Exercise brief – Drop the pictures and repeat the remaining data exactly.
++++ Source material
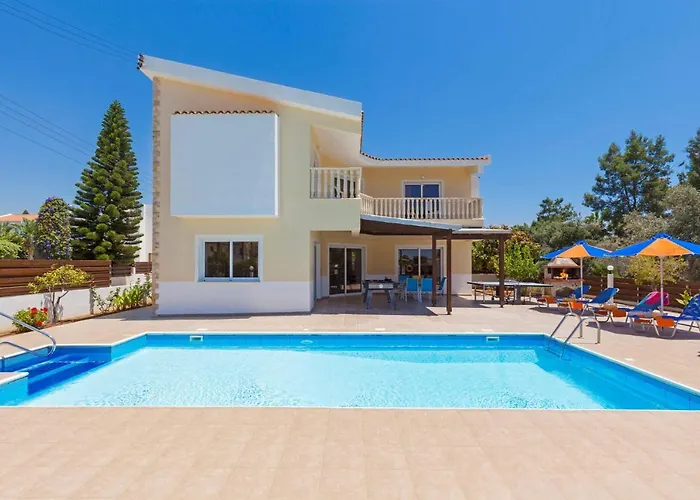 Europa By * بييا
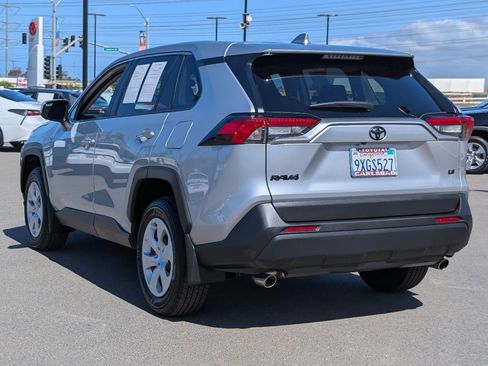 Used 2025 Toyota RAV4 LE image 12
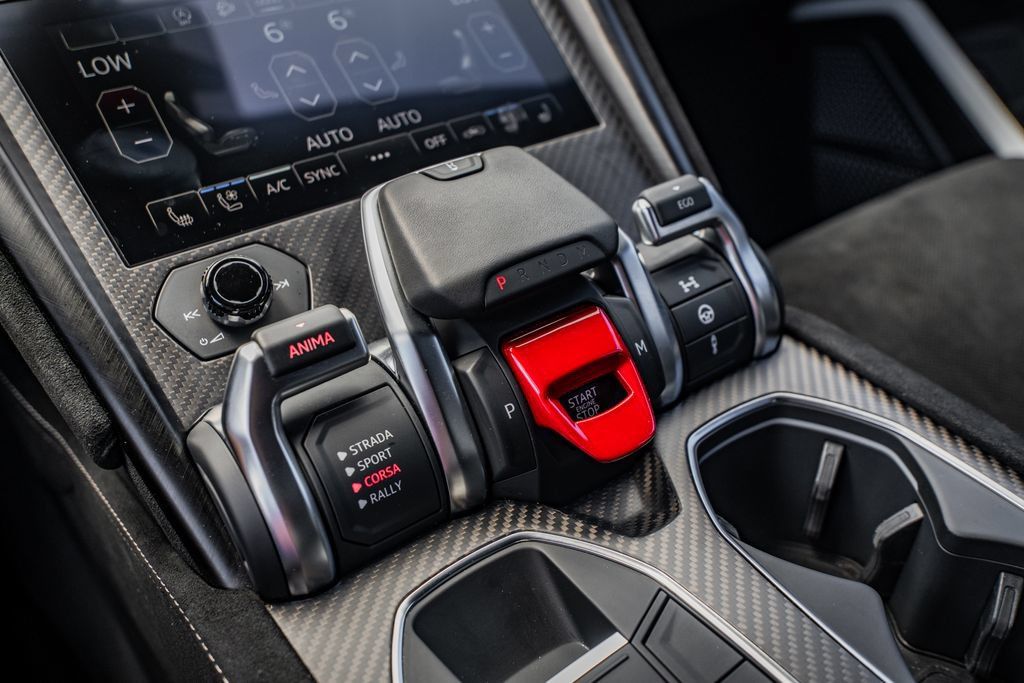 Used 2024 Lamborghini Urus Performante AWD/4WD image 38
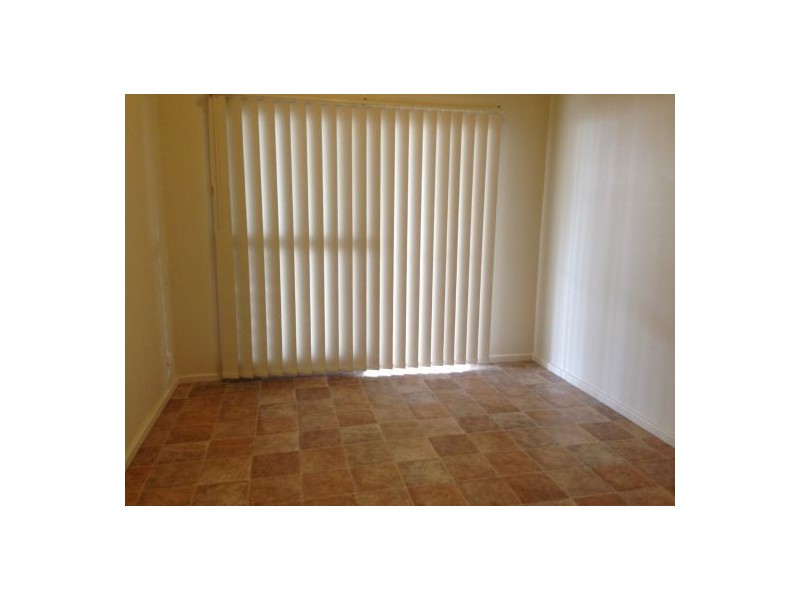 8 Lachlan Road, Cardiff NSW 2285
++++++++
Exercise result –
 Europa By * بييا
 Used 2025 Toyota RAV4 LE image 12
 Used 2024 Lamborghini Urus Performante AWD/4WD image 38
 8 Lachlan Road, Cardiff NSW 2285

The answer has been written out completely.